The list of eight (the number varies) customs or traditions of the ancestors which defined a good citizen in ancient Rome. In 27 B.C., a few years after Actium, Augustus was given an honorary shield called the clupeus virtutis, the shield of virtue, on which was inscribed the following {original lost, text taken from one of several copies):


"The senate and the Roman People dedicated to the emperor Augustus, son of the divine Caesar the shield for virtue, clemency, justice, and piety towards the gods and his native land".

Ignoring for now the bootlicking sycophancy of the thing, these were the themes of his principate; virtue in war, mercy towards enemies, justice for all, and piety and obedience towards the gods and family. Not all too different from the Christian Right's "family values" today, but viewed in Rome, at least officially, as the cornerstones of civilisation.

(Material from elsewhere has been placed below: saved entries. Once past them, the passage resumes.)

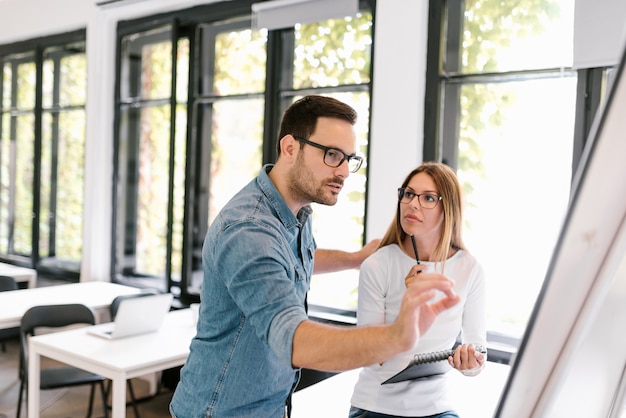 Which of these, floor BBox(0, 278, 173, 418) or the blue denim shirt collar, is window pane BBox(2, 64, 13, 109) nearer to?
floor BBox(0, 278, 173, 418)

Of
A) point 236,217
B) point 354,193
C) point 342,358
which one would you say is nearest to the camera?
point 342,358

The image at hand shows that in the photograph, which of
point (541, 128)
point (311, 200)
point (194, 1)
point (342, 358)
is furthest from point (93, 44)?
point (342, 358)

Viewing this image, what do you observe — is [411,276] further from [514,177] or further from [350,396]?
[514,177]

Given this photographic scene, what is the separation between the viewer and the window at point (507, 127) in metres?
3.34

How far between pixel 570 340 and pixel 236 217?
45.3 inches

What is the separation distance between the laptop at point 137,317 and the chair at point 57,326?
12.6 inches

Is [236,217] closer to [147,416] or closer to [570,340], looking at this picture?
[570,340]

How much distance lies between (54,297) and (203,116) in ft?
6.26

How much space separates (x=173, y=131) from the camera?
527 cm

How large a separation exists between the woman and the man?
241mm

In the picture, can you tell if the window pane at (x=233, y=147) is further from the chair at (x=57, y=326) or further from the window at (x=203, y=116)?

Otherwise, a man was expected to be "vir bonus et peritus dicendi", a good man, skilled at speaking; since it was the duty of every man of the senatorial class to take part in politics, good rhetoric was a virtue alone.

A rather more full list, compiled from various other sources. If you forget, just remember DCCV PIGS:

  • Dignitas: Dignity, or proper bearing.
  • Clementia: mercy towards one's enemies, especially important coming out of a civil war, or the wars with Marc Anthony.
  • Constantia: constancy (and prudisitude), unwavering character.
  • Virtus: virtue, especially military virtue and excellence, the hallmark trait of a victorious commander.
  • Pietas: proper behaviour towards the gods, one's native country, and family. It has been noted elsewhere (or should have been) that the Romans didn't give a fig about orthodoxy, but concentrated about orthopraxy. Probably closer to obedience or submission than modern "piety".
  • Industria: diligence and hard work, Latin negotium, business, but literally the denial of leisure.
  • Gravitas: no jokes, no puns...dead serious demeanour.
  • Severitas: not quite the opposite of clementia, appropriate harshness towards enemies and friends alike.
These virtues were traditions, thought to have been handed down from the ancestors of the city since the founding; it's a major theme in Vergil's Aeneid, how Aeneas in turn embodies each. Wax masks of family ancestors were kept in the home, and paraded about at certain points of the year, meant to serve as reminders of the behaviour of the past. Seneca tells us that we are to act as if we are constantly being watched by our ancestors; if a man shames himself and his country, how can he return to his home to face them?

Anyway, just a few notes on res cognoscendae.